3) Indeed, complexity is a characteristic of many places in scripture, not just the Psalms. If we applied this rule of “understanding” to our reading of the Bible we would not advance far beyond the gospels, and even then we would have difficulties (see Matthew 24 & Luke 16:9-12 for example). 

4) Peter says that some unlearned and unstable, wrest Paul’s words to their destruction, in part because there “some things hard to be understood” (2 Peter 3:16). Must we not read Paul in the public assembly just because there are some that will bring judgment upon themselves? But see Colossians 4:16.

5) God has good reason to make his word to be obscure, and this is true of the some of the Psalms (or portions thereof) in particular: “I will open my mouth in a parable: I will utter dark sayings of old” Psalm 78:2. This very text is quoted by Jesus in Matthew 13:35 to show why he spoke to the multitude in parables. cf. Psalm 49:4   

6) Paul says that he will “sing with the understanding (1 Corinthians 14:15),” not shape songs according to the level of understanding. Perhaps it is no coincidence that this phrase is borrowed from the Psalter itself (Psalm 47:7). 

7) Paul also tells the Colossians to “let the word of Christ dwell in you richly in all wisdom, teaching and admonishing one another in psalms and hymns and spiritual songs…” (Colossians 3:16). The Psalms of the Bible are not in need of replacement or amendment, but those who sing them are in need of wisdom. Proverbs 4:5 “Get wisdom, get understanding…”

“Underneath all the emotion that pulsates through the Psalter, there lies a deep water of serious thought and reflection. The feeling here is not the substitute for faith, it is the natural outcome of faith, the wave-swell of the sea, when the wind of the Lord has blown upon it. If one will only read and sing with the understanding, he shall perceive that the Psalmists pray and sing out of a rich knowledge of God.”[1]

8) Perhaps, then, our difficulties with the Psalms have to do with our lack of asking God for help to understand (James 1:5), than they do in any interpretive or applicatory issues. Are we going to be students of the word or are we going to dictate to God what it should say to us? 

9) God has written the Old Testament for our instruction and learning. (Romans 15:4 & 1 Corinthians 10:11). Let us apply ourselves to it: “Open thy mouth wide and I will fill it!” (Psalm 81:10). 

10) Furthermore, Paul indicates that since he is no longer a child he has put away childish things (1 Corinthians 13:11). If there are portions of the Psalms that are difficult to understand, we must seek to be mature and to mature that we can understand them. Christians must stop demanding that everything be spoon fed to them (Hebrews 5:11-6:3). 

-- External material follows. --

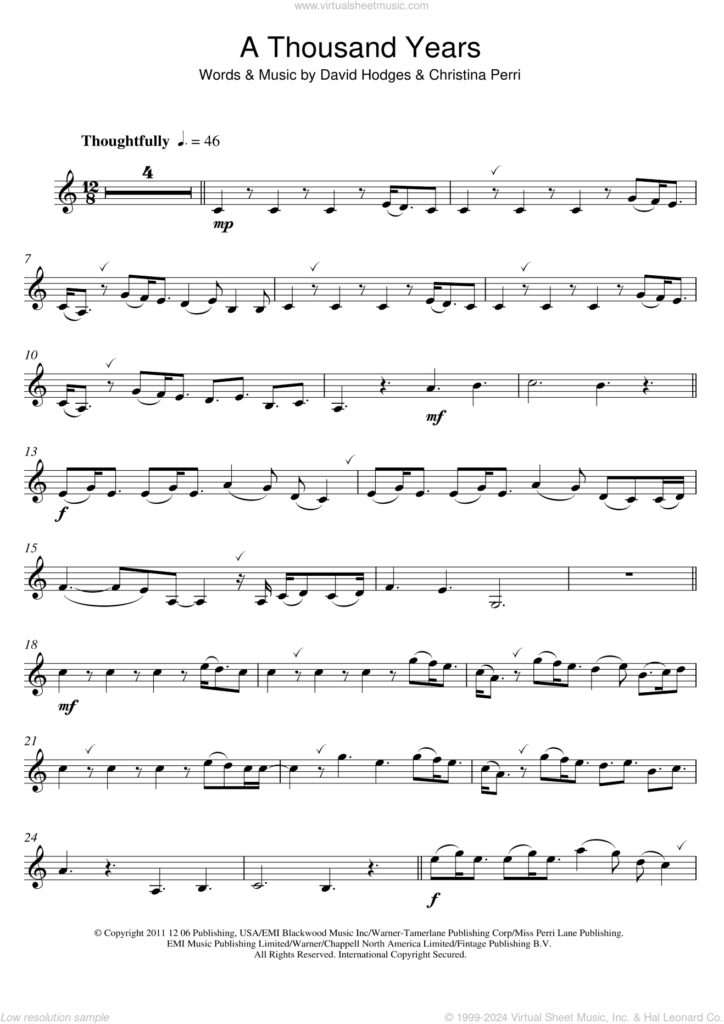 A Thousand Years Sheet Music For Clarinet Solo (Pdf Interactive) Regarding Free Printable Clarinet Sheet Music A Thousand Years Sheet Music For Clarinet Solo (Pdf Interactive) Regarding Free Printable Clarinet Sheet Music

11) Thus the Psalms are no more difficult than God has intended for his people. He wants us to reach up and out and by doing so, and grow in grace. “The psalms are not, in general, hard to understand. There is, indeed, an unfathomable depth of meaning in them; but no man finds fault with a well on account of its depth, if the water rises to the surface.”[2]

12) Generally speaking it is agreed that the teaching of Jesus is easier to understand, say, compared to the teaching of Paul. One of the reasons for that is that Jesus’ teaching is full of illustrations and tends to be less (overtly) didactic than Paul. But when we sing the Psalms we see many of these illustrations used: tree, rivers, lead, potter’s vessel, shield (from Psalms 1-3) etc. The Psalms too are full of such word pictures.  

13) Children themselves are either directly addressed in the Psalms or spoken of (Psalms 34:11, 78:4-6, 90:16, 103:17, 127:3,4, 128:3,6, 148:12). And even the simple & the fool will receive plenty of instruction in the Psalms (Psalms 19:7, 75:4, 94:8, 107:17, 119:130).

14) But children also grow up and then are in need of solid food. The Psalms instruct the aged (Psalms 37:25, 71:9,18, 92:14) along with the young (Psalm 148:12), and give nourishment to disciples of every stage of maturity and development. If the Psalms were only for the weak and easy to understand, with what would those who were more advanced in faith be fed?[3]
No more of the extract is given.